The project requires several Python libraries. These are listed in the requirements.txt file:

beautifulsoup4==4.12.3
pymongo==4.6.1
PyYAML==6.0.1
Requests==2.32.3
selenium==3.141.0
tqdm==4.66.4

Installation

  1. Clone the repository:

    git clone <repository-url>
    cd <repository-directory>
  2. Install the dependencies:

    pip install -r requirements.txt
  3. Setup MongoDB: Ensure you have a MongoDB instance running and update the connection settings in configs.yaml.

  4. Setup IMDb API Key: Create an account on OMDb API and obtain an API key. Update the configs.yaml file to include your API key.

Usage

Running the Scraper

To run the scraper and collect data, execute the following command:

python scraper.py <country> <seasons>
  • <country>: The country code for the box office data (e.g., "usa").
  • <seasons>: One or more seasons to scrape data for (e.g., 2022).
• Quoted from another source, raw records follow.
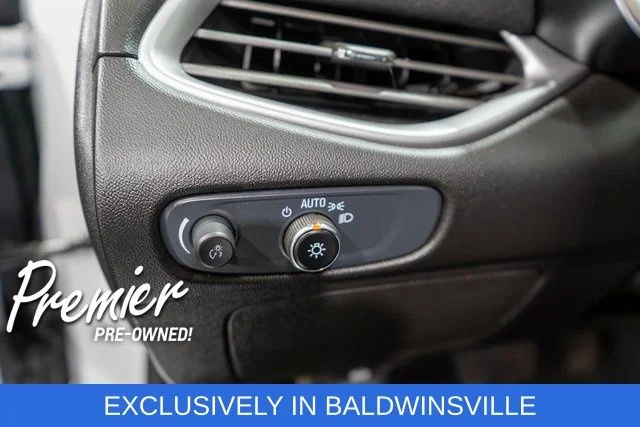 Used 2025 White Chevrolet LT image 18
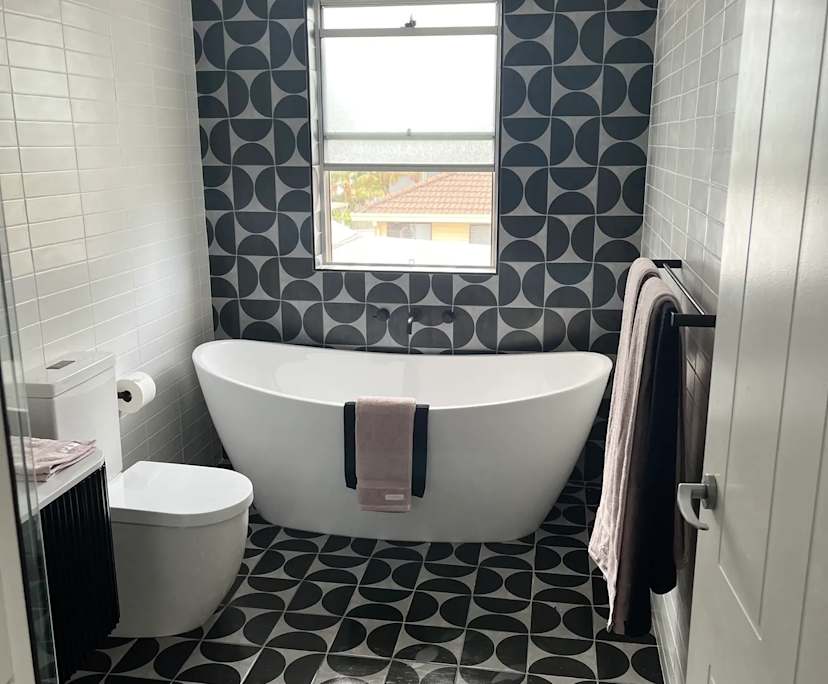 Unfurnished room with own bathroom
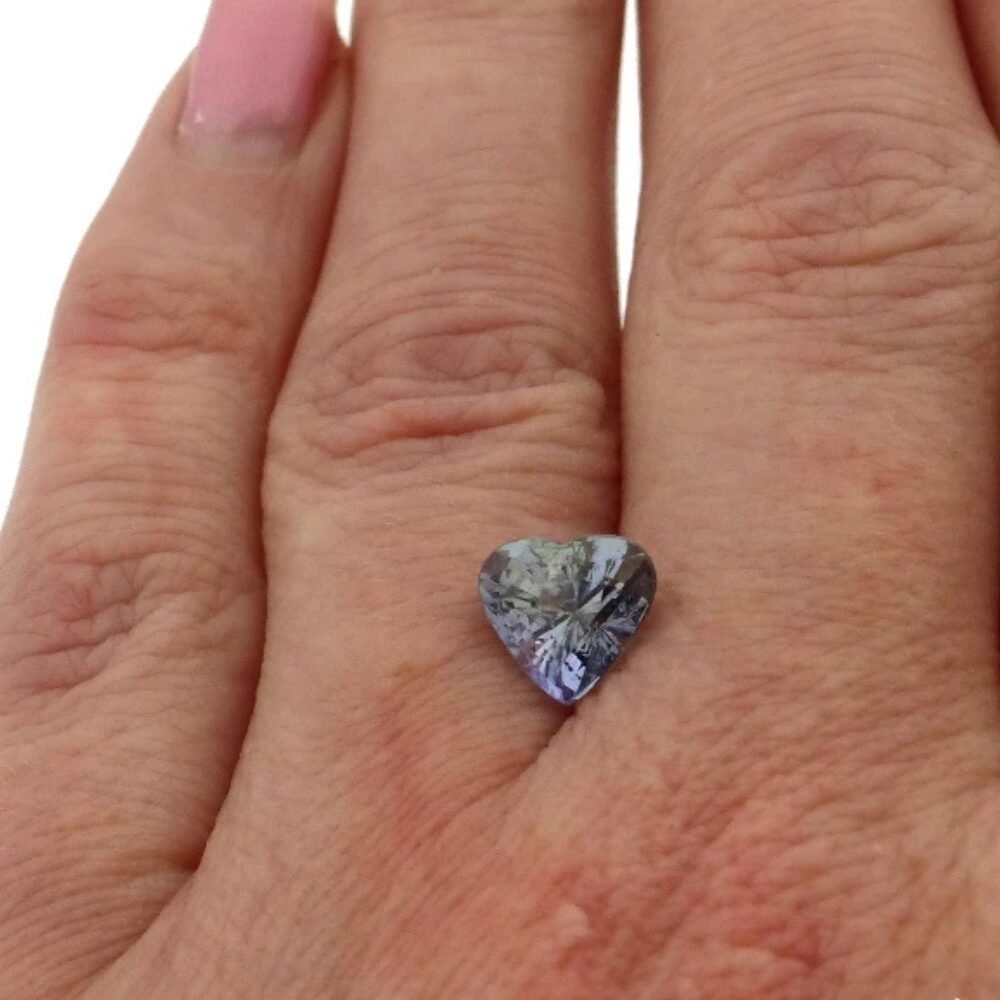 Tansanit 2.57 Karat Herz Blau (2) Tansanit 2.57 Karat Herz Blau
For example, to scrape data for the USA for the year 2015 and 2022:

python scraper.py usa 2015 2022

Configuration

configs.yaml: This file contains all the necessary configuration settings used in the project. Ensure this file is correctly set up with your specific details.

Future Improvements

We are planning several future improvements to enhance the functionality and coverage of this project:

  1. Updating Film Ratings: Implementing a feature to update existing film ratings with new ratings if they have changed.
  2. Italy Box Office Rankings: Adding Italy as a source for box office data in addition to the USA.
  3. Optimized Data Storage: Refactoring the database schema to better handle multiple data sources and improve data retrieval efficiency.
  4. Enhanced Error Handling: Implementing more robust error handling mechanisms to ensure the scraper can recover from common issues without manual intervention.
  5. Automated Schedules: Setting up automated schedules for scraping tasks to ensure data is regularly updated without manual execution.
  6. Data Visualization: Integrating data visualization tools to provide graphical insights into the collected data directly from the database.